**Work order:**
Only the lines from the one containing "Floral Butterfly Sublimation." to the end of the material are to be copied, exactly and in full; images stay out.

**Dataset extract:**
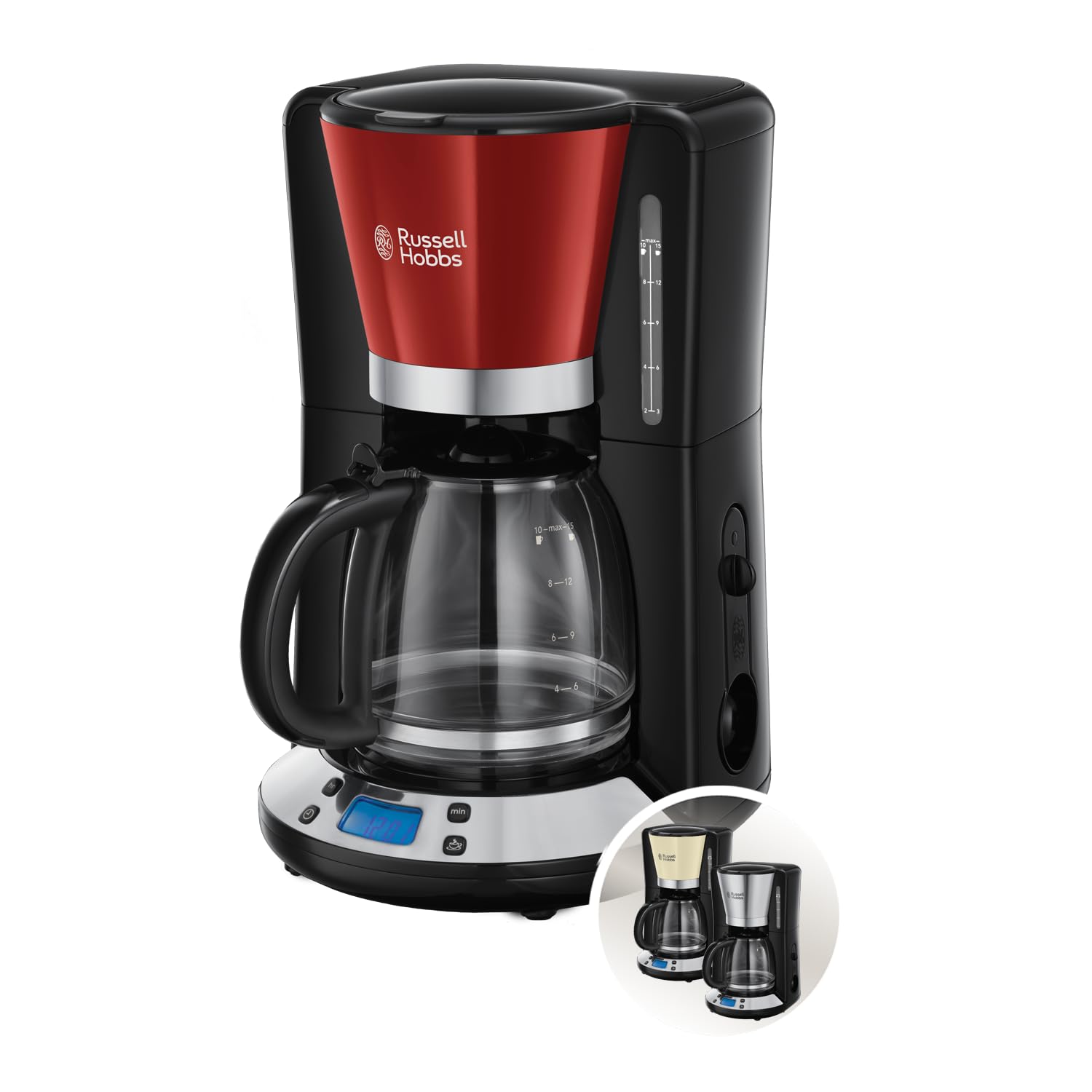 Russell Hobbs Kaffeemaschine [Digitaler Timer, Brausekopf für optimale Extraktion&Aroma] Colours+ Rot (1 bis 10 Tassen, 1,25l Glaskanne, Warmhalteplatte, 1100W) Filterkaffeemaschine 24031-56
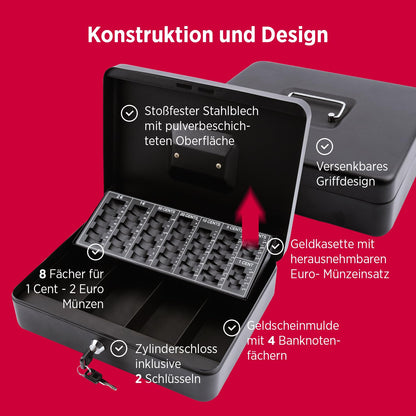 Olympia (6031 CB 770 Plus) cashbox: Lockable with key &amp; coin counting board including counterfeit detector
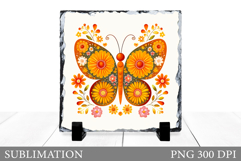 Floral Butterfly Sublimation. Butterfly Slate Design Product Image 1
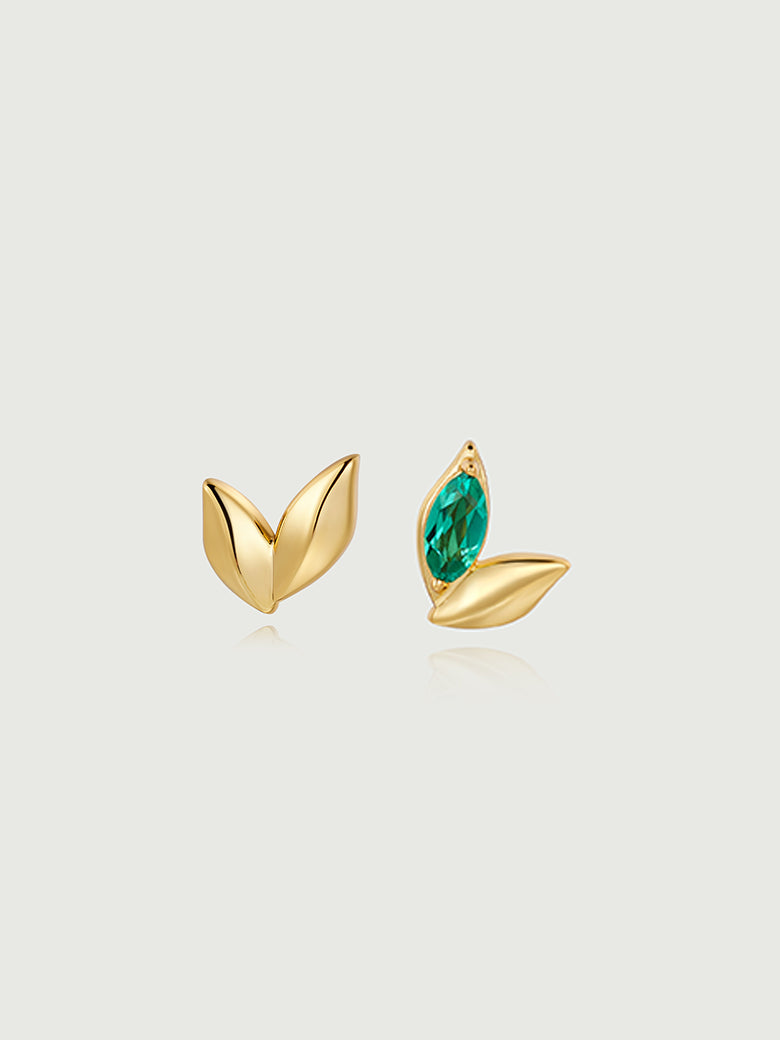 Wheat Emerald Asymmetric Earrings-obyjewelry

**Exercise result:**
 Floral Butterfly Sublimation. Butterfly Slate Design Product Image 1
 Wheat Emerald Asymmetric Earrings-obyjewelry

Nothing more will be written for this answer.